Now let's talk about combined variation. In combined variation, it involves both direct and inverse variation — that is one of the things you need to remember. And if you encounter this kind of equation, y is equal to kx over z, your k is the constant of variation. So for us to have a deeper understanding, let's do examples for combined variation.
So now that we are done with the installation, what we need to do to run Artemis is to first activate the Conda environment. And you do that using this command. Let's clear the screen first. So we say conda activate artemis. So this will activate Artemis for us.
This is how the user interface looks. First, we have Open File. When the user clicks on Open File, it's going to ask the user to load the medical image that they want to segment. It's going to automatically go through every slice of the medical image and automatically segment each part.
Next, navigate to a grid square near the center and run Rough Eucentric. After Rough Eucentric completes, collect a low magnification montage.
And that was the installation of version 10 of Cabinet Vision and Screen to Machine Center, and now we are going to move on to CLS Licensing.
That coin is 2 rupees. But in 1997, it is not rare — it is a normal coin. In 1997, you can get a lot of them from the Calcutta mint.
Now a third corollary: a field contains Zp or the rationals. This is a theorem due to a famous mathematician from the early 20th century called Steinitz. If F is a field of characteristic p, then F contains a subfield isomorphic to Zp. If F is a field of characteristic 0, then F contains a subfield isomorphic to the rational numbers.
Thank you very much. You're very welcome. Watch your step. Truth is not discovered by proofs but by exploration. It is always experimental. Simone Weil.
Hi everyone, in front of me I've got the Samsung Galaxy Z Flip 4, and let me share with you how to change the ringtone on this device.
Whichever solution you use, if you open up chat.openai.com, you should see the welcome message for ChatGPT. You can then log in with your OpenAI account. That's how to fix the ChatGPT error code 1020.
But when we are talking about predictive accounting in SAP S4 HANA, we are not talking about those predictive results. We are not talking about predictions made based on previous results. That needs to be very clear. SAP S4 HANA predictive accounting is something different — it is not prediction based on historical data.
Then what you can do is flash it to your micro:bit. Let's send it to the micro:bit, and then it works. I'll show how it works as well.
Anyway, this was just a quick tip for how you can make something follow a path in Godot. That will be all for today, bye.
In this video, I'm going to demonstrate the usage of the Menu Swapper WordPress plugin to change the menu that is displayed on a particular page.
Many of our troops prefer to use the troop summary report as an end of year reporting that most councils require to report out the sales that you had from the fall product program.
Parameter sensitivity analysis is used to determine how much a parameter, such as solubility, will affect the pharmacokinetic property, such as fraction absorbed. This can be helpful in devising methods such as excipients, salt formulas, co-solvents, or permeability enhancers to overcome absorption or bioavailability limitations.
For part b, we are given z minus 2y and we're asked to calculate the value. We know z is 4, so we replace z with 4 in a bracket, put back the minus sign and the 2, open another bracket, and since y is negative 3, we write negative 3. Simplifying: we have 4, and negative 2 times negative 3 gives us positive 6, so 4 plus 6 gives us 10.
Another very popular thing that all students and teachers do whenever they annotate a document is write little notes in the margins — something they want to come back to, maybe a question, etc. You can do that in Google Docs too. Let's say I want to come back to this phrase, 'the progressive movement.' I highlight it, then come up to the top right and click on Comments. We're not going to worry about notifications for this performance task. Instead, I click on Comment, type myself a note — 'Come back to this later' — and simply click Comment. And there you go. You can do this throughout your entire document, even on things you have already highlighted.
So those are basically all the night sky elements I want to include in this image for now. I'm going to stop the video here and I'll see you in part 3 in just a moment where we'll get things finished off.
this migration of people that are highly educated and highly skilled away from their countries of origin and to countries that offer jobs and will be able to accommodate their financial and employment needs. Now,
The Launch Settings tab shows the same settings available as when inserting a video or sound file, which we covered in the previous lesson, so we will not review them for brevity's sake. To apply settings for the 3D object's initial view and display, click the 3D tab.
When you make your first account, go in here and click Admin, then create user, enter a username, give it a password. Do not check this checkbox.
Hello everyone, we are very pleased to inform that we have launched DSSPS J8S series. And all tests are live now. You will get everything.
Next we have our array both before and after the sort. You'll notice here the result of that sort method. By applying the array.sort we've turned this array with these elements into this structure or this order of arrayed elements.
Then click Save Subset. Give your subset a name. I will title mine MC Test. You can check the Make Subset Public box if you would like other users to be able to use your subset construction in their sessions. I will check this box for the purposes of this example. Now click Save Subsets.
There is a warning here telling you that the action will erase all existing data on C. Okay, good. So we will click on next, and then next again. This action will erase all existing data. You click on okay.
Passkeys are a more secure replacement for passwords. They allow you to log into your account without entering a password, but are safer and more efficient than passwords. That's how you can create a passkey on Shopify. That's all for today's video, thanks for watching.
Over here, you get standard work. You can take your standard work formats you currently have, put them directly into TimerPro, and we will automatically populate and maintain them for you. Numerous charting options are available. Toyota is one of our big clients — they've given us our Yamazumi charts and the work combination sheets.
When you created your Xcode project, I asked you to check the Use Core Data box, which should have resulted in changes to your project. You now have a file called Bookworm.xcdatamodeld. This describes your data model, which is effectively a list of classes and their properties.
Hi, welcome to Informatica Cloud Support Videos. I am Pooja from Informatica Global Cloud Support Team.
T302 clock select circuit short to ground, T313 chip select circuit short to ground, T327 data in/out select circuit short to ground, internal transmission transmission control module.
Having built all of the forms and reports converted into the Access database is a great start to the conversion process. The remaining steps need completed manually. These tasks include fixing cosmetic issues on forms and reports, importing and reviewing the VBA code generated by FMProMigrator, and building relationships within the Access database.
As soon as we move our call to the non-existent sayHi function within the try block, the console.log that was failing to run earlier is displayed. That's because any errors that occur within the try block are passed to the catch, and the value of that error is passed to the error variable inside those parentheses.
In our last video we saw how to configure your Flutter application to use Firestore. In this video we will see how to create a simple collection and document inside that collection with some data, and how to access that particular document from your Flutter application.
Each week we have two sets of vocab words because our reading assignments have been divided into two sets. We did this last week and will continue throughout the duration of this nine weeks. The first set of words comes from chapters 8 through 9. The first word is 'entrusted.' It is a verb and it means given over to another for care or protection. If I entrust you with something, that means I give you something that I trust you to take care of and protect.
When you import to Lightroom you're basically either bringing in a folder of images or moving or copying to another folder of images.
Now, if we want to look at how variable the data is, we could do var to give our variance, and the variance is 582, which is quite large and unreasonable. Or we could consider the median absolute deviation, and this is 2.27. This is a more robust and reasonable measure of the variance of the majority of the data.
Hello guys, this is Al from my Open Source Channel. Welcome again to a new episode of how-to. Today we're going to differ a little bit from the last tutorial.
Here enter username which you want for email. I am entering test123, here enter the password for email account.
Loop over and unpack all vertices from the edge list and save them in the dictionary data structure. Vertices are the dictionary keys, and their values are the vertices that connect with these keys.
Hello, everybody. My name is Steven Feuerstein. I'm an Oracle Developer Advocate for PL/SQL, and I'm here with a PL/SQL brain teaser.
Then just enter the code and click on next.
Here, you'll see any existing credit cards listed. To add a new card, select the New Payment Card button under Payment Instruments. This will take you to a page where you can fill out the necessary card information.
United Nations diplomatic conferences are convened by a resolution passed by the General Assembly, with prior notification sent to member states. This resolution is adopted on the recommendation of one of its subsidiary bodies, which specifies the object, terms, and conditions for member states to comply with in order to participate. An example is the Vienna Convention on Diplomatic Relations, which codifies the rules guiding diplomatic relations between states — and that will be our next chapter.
======
Assignment: Keep only those lines of the records that hold "username", and return them.

Solution below:
When you make your first account, go in here and click Admin, then create user, enter a username, give it a password. Do not check this checkbox.
Here enter username which you want for email. I am entering test123, here enter the password for email account.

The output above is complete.